---- Data in this exercise

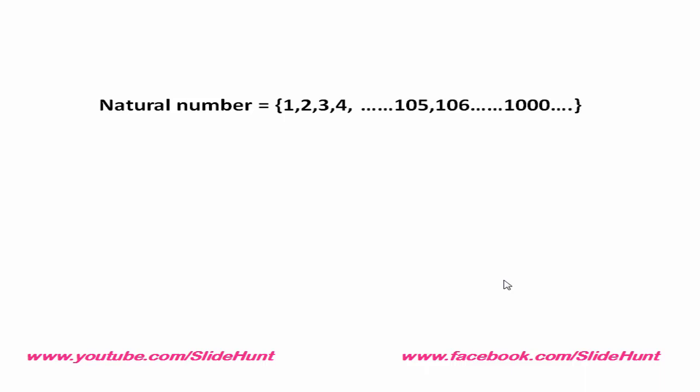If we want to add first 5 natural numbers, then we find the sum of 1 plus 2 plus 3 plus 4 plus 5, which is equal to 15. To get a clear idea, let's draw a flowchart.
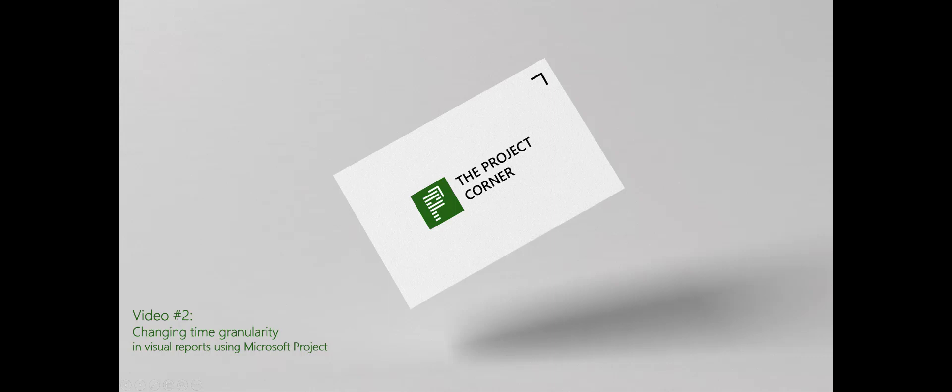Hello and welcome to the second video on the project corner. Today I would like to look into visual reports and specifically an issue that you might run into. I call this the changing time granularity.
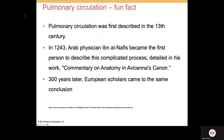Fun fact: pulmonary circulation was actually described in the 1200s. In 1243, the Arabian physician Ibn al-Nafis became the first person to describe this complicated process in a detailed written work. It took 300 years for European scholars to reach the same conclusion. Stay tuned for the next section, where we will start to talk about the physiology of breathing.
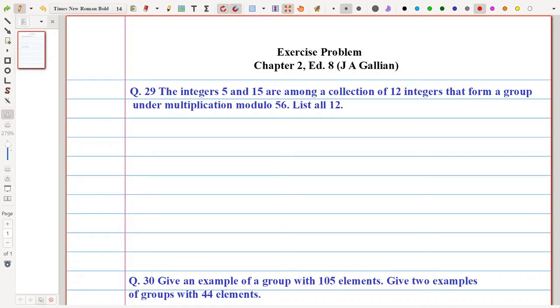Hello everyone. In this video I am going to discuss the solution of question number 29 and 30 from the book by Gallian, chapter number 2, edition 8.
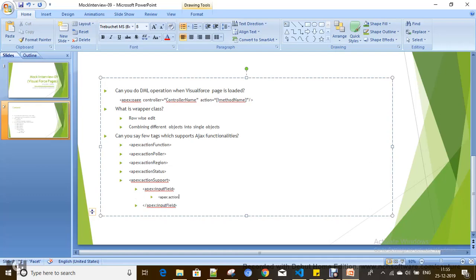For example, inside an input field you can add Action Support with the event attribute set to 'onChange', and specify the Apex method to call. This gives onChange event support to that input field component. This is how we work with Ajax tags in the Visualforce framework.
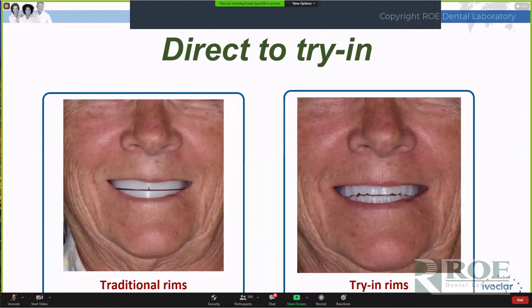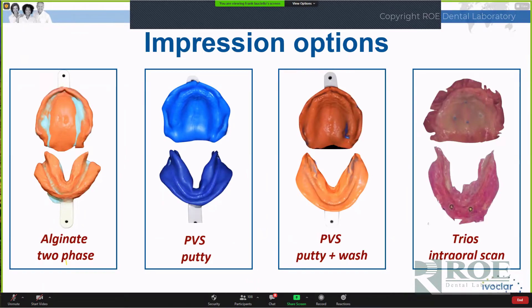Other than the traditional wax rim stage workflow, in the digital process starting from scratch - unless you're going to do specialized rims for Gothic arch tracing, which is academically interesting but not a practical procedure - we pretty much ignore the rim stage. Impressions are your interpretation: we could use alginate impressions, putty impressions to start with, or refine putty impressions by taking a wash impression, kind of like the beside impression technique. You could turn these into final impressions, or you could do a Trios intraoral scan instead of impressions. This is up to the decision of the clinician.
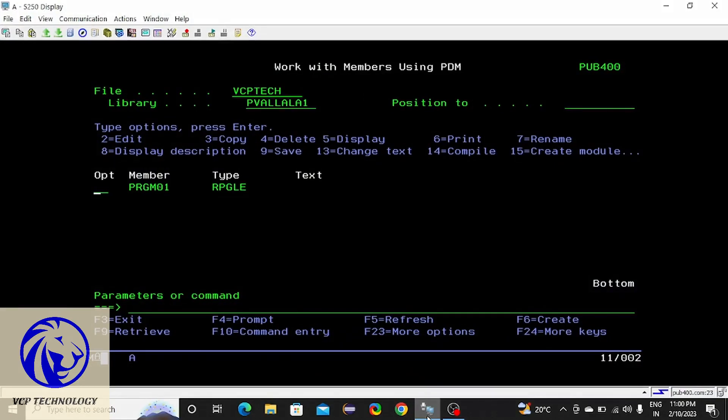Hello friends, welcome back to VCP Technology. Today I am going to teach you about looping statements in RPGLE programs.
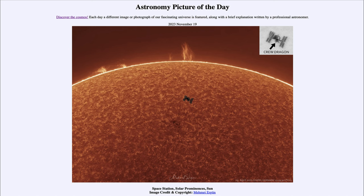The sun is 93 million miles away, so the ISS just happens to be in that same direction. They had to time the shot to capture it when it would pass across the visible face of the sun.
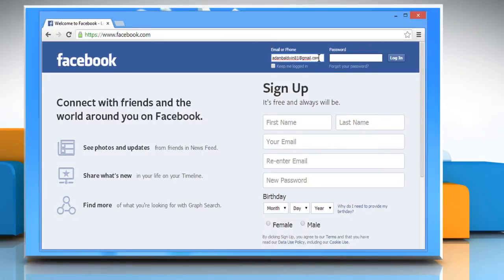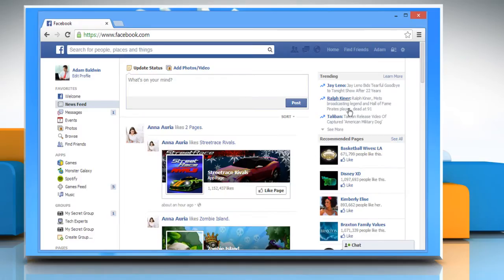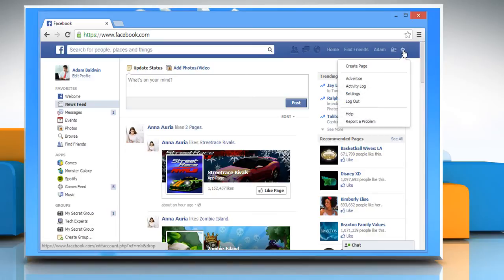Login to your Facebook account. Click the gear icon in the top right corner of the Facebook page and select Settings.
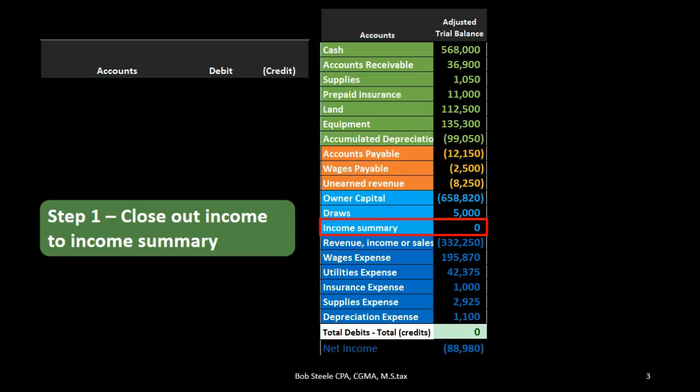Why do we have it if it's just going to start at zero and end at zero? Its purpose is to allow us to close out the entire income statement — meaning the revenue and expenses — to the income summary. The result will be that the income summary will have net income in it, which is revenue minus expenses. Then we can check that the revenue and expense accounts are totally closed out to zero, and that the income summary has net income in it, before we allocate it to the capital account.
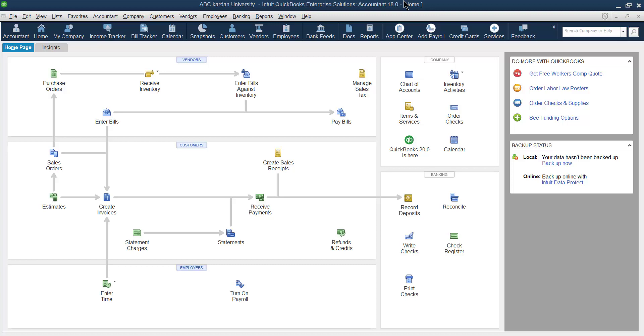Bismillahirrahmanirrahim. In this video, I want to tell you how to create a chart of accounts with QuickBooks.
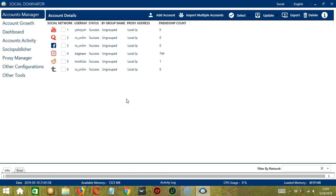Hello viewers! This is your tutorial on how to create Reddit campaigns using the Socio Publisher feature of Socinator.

--------

→ **Your task**
Across all the lines above, repeat the wording exactly and omit the pictures.

→ **Task solution**
If we want to add first 5 natural numbers, then we find the sum of 1 plus 2 plus 3 plus 4 plus 5, which is equal to 15. To get a clear idea, let's draw a flowchart.
Hello and welcome to the second video on the project corner. Today I would like to look into visual reports and specifically an issue that you might run into. I call this the changing time granularity.
Fun fact: pulmonary circulation was actually described in the 1200s. In 1243, the Arabian physician Ibn al-Nafis became the first person to describe this complicated process in a detailed written work. It took 300 years for European scholars to reach the same conclusion. Stay tuned for the next section, where we will start to talk about the physiology of breathing.
Hello everyone. In this video I am going to discuss the solution of question number 29 and 30 from the book by Gallian, chapter number 2, edition 8.
For example, inside an input field you can add Action Support with the event attribute set to 'onChange', and specify the Apex method to call. This gives onChange event support to that input field component. This is how we work with Ajax tags in the Visualforce framework.
Other than the traditional wax rim stage workflow, in the digital process starting from scratch - unless you're going to do specialized rims for Gothic arch tracing, which is academically interesting but not a practical procedure - we pretty much ignore the rim stage. Impressions are your interpretation: we could use alginate impressions, putty impressions to start with, or refine putty impressions by taking a wash impression, kind of like the beside impression technique. You could turn these into final impressions, or you could do a Trios intraoral scan instead of impressions. This is up to the decision of the clinician.
Hello friends, welcome back to VCP Technology. Today I am going to teach you about looping statements in RPGLE programs.
The sun is 93 million miles away, so the ISS just happens to be in that same direction. They had to time the shot to capture it when it would pass across the visible face of the sun.
Login to your Facebook account. Click the gear icon in the top right corner of the Facebook page and select Settings.
Why do we have it if it's just going to start at zero and end at zero? Its purpose is to allow us to close out the entire income statement — meaning the revenue and expenses — to the income summary. The result will be that the income summary will have net income in it, which is revenue minus expenses. Then we can check that the revenue and expense accounts are totally closed out to zero, and that the income summary has net income in it, before we allocate it to the capital account.
Bismillahirrahmanirrahim. In this video, I want to tell you how to create a chart of accounts with QuickBooks.
Hello viewers! This is your tutorial on how to create Reddit campaigns using the Socio Publisher feature of Socinator.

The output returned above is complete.